**HOW TO COMPLETE THIS TASK**. Exactly the lines from the beginning of the material to the line with "Designer Armchair with" are to be repeated, both ends included.

**RECORDS SUPPLIED**.
-=-=-=-=-

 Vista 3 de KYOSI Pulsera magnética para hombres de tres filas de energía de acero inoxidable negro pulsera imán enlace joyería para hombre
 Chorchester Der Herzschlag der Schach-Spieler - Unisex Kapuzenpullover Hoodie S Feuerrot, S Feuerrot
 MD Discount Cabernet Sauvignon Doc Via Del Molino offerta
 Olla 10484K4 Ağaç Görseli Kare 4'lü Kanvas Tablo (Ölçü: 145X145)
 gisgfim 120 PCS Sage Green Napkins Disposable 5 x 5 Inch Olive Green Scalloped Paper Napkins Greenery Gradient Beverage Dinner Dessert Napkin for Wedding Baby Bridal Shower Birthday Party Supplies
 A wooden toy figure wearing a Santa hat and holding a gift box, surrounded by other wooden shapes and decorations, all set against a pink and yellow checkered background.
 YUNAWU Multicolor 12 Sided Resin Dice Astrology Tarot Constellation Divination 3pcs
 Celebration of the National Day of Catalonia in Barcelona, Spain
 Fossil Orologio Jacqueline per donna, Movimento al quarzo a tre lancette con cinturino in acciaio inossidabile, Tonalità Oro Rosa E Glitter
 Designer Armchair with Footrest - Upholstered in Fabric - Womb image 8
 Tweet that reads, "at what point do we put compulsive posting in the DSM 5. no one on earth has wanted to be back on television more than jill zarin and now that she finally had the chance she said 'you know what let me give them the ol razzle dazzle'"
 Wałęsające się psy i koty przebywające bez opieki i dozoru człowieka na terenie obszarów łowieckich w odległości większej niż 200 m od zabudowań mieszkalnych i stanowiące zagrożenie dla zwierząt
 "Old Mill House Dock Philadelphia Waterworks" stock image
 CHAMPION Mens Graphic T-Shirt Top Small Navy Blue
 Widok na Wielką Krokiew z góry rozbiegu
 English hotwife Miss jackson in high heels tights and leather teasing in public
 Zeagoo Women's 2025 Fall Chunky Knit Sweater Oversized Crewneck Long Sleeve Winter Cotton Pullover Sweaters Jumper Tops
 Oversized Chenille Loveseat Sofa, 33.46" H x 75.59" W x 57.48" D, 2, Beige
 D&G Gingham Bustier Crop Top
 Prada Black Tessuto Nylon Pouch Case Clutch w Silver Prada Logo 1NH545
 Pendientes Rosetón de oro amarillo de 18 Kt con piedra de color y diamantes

-=-=-=-=-

**RESULT OF THIS TASK**.
 Vista 3 de KYOSI Pulsera magnética para hombres de tres filas de energía de acero inoxidable negro pulsera imán enlace joyería para hombre
 Chorchester Der Herzschlag der Schach-Spieler - Unisex Kapuzenpullover Hoodie S Feuerrot, S Feuerrot
 MD Discount Cabernet Sauvignon Doc Via Del Molino offerta
 Olla 10484K4 Ağaç Görseli Kare 4'lü Kanvas Tablo (Ölçü: 145X145)
 gisgfim 120 PCS Sage Green Napkins Disposable 5 x 5 Inch Olive Green Scalloped Paper Napkins Greenery Gradient Beverage Dinner Dessert Napkin for Wedding Baby Bridal Shower Birthday Party Supplies
 A wooden toy figure wearing a Santa hat and holding a gift box, surrounded by other wooden shapes and decorations, all set against a pink and yellow checkered background.
 YUNAWU Multicolor 12 Sided Resin Dice Astrology Tarot Constellation Divination 3pcs
 Celebration of the National Day of Catalonia in Barcelona, Spain
 Fossil Orologio Jacqueline per donna, Movimento al quarzo a tre lancette con cinturino in acciaio inossidabile, Tonalità Oro Rosa E Glitter
 Designer Armchair with Footrest - Upholstered in Fabric - Womb image 8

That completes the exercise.